[Web page caption snippets]
══════════

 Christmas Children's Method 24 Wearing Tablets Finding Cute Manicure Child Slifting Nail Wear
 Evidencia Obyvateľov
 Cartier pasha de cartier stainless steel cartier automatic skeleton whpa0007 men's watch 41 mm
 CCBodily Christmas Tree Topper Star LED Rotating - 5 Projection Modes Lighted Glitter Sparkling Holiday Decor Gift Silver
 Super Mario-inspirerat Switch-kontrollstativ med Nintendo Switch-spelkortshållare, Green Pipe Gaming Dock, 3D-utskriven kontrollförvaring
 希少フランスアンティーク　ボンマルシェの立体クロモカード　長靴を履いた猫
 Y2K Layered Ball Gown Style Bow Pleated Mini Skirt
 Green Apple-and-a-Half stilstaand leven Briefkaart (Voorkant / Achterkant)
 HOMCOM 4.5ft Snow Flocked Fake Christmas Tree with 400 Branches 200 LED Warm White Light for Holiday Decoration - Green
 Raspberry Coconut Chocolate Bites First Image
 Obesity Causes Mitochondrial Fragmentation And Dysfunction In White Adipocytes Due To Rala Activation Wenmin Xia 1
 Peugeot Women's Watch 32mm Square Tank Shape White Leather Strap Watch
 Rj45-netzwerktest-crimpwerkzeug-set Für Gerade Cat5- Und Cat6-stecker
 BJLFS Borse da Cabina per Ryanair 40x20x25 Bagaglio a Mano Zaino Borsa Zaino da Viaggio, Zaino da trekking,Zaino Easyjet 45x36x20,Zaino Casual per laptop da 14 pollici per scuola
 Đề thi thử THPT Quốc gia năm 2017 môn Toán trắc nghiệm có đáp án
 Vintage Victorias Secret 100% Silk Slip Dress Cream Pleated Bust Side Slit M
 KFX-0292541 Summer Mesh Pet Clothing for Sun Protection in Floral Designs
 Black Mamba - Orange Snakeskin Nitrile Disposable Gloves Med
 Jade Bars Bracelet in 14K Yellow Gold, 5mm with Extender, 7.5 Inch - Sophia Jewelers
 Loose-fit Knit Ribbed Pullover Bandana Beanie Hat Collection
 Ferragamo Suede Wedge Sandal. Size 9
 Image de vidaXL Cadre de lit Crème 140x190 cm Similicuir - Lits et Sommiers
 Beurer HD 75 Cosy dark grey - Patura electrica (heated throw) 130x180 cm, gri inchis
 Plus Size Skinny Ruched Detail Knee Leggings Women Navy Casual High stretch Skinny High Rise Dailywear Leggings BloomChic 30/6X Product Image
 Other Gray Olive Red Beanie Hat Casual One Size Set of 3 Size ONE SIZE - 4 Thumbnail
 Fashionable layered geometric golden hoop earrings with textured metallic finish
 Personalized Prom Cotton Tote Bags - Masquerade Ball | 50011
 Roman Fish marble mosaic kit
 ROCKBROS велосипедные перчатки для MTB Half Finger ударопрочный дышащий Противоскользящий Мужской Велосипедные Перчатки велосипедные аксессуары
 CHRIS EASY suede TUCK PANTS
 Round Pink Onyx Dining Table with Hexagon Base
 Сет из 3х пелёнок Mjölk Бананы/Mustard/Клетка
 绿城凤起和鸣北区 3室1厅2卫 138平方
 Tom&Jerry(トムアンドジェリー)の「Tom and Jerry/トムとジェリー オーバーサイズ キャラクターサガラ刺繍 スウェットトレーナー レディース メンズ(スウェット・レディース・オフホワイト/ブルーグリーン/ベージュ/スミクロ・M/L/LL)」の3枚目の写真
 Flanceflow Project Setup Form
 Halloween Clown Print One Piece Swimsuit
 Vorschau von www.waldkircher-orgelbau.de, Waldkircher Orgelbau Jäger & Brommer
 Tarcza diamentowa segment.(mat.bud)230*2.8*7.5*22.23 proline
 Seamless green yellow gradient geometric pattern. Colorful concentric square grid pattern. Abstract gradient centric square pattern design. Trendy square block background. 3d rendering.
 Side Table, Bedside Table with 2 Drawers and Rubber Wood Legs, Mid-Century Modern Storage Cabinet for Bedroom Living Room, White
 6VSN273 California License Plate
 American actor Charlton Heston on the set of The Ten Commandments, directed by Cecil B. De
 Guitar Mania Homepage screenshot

══════════

[Try it]
Using the records above, set down exactly the lines from the one with "Y2K Layered Ball" through the one with "Rj45-netzwerktest-crimpwerkzeug-set Für Gerade", inclusive, and nothing more.

[Reply to the task]
 Y2K Layered Ball Gown Style Bow Pleated Mini Skirt
 Green Apple-and-a-Half stilstaand leven Briefkaart (Voorkant / Achterkant)
 HOMCOM 4.5ft Snow Flocked Fake Christmas Tree with 400 Branches 200 LED Warm White Light for Holiday Decoration - Green
 Raspberry Coconut Chocolate Bites First Image
 Obesity Causes Mitochondrial Fragmentation And Dysfunction In White Adipocytes Due To Rala Activation Wenmin Xia 1
 Peugeot Women's Watch 32mm Square Tank Shape White Leather Strap Watch
 Rj45-netzwerktest-crimpwerkzeug-set Für Gerade Cat5- Und Cat6-stecker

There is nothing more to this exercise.